AIM OF THE EXERCISE: Could you restate every entry word for word, leaving the pictures out?

LISTED ENTRIES:
*** Block opens ***

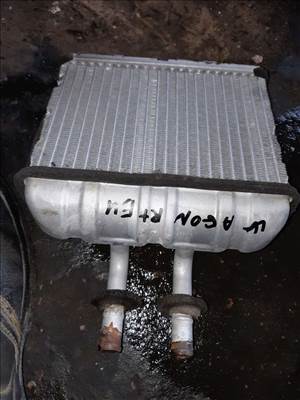 Suzuki Wagon R 98-10 Fûtő Radiátor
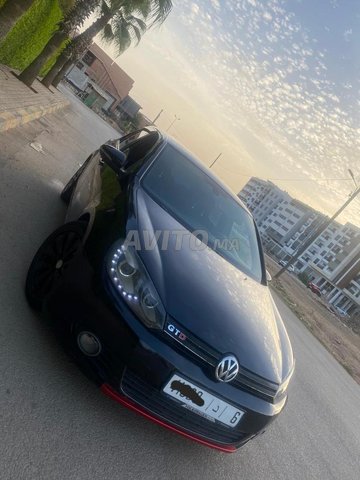 غولف 6 مازوت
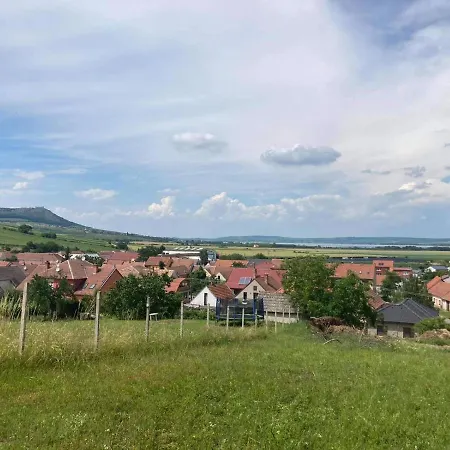 Na Pálavě S Vinným Sklepem Prázdninový dům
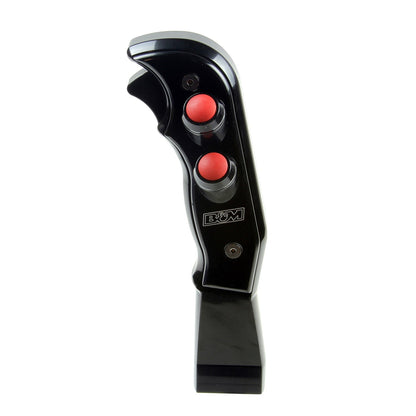 B&M Magnum Grip Auto Shift Handle - Photo - out of package Right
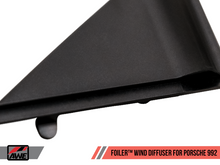 Load image into Gallery viewer, AWE Tuning Foiler Wind Diffuser for Porsche 992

*** Block closes ***

ANSWER FOR THIS EXERCISE:
 Suzuki Wagon R 98-10 Fûtő Radiátor
 غولف 6 مازوت
 Na Pálavě S Vinným Sklepem Prázdninový dům
 B&M Magnum Grip Auto Shift Handle - Photo - out of package Right
 Load image into Gallery viewer, AWE Tuning Foiler Wind Diffuser for Porsche 992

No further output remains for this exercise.